On January 27, 1872, Governor-General Rafael Izquierdo approved the death
sentences on forty-one of the mutineers. On February 6, eleven more were sentenced
to death, but these were later commuted to life imprisonment. Others were exiled to
other islands of the colonial Spanish East Indies such as Guam, Mariana Islands,
including the father of Pedro Paterno, Maximo Paterno, Antonio M. Regidor y Jurado,
and José María Basa. The most important group created a colony of Filipino expatriates
in Europe, particularly in the Spanish capital of Madrid and Barcelona, where they were
able to create small insurgent associations and print publications that were to advance
the claims of the seeding Philippine Revolution.
Finally, a decree was made, stating there were to be no further
ordinations/appointments of Filipinos as Roman Catholic parish priests. In spite of the
mutiny, the Spanish authorities continued to employ large numbers of native Filipino
troops, carabineros and civil guards in their colonial forces through the 1870s–1890s
until the Spanish–American War of 1898
The Cavite Revolt was a bombed uprising against the Spaniards, coming about in
incapacitated detained, and dead Filipino officers. The individuals who were suspected
to be associated with the rebellion were additionally captured and executed. The
Spanish specialists and the monks utilized the rebellion to embroil the three common
ministers – Mariano Gomez, Jose Burgos, and Jacinto Zamora, by and large known as
GOMBURZA – and announced that they were the provocateurs of the said uprising.

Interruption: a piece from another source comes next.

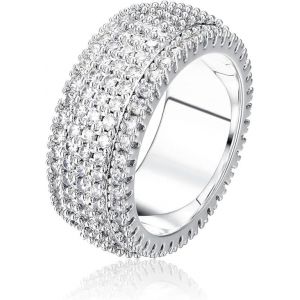 Tianyi-Bague Pour Homme Et Femme - Largeur Personnalis&eacute;e - 9 Mm - Avec Cristal De Zircone - Plaqu&eacute; Or 14 Carats - Brillante - Bague De Fian&ccedil;ailles - Neuf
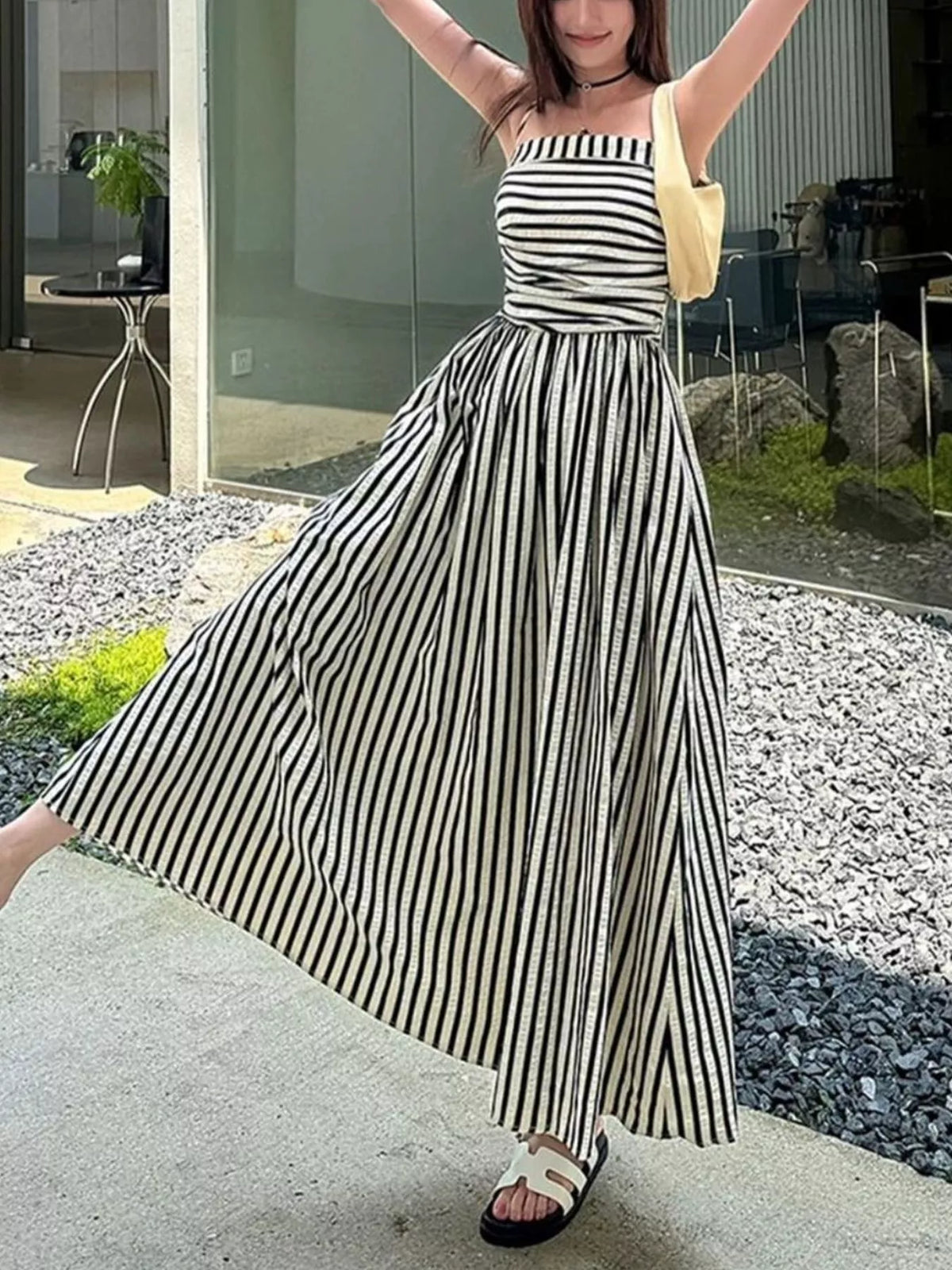 Striped Spaghetti Strap Maxi Dress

The ministers were executed by garrote at Bagumbayan on February 15, 1872. This
occasion actually affected Rizal and his family since Burgos was a close companion of
his sibling, Paciano. The suffering of the three ministers stirred the longing for autonomy
among numerous Filipinos. Truth be told, Rizal committed his El Filibusterismo to the
three clerics. Rizal's expect to spread the word about the Philippines as a nation of
journalists and learned people was a aftereffect of his firsthand experience of racial
separation when he was in Spain. Considered as an sub-par race, Filipinos were not
offered admittance to public products and experienced widespread bias in government
workplaces, schools, and in the public arena when all is said in done. Various monetary,
social, political, and social changes in the country and around the world added to the
arrangement of Rizal's public awareness and his reformist plan. The liberal and
reformist thoughts of Rizal, along with different reformists, blended the public
awareness of locals which ultimately prompted the Philippine Unrest of 1896. Rizal's
commitment to the decrease of the Spanish guideline in the nineteenth century is
perceived until now.
3. Abuses and immoralities of the friars

This gradually emerged out of various political and armed movements throughout most
of the Spanish East Indies—but which has long been fragmented and inconsistent with
contemporary definitions of such nationalism—as a consequence of more than three
centuries of Spanish rule. These movements are characterized by the upsurge of anti-
colonialist sentiments and ideals which peaked in the late 19th century led mostly by
the ilustrado or landed, educated elites, whether peninsulares, insulares, or native
(Indio). This served as the backbone of the first nationalist revolution in Asia,
the Philippine Revolution of 1896.[1] The modern concept would later be fully actualized
upon the inception of a Philippine state with its contemporary borders after being
granted independence by the United States by the 1946 Treaty of Manila.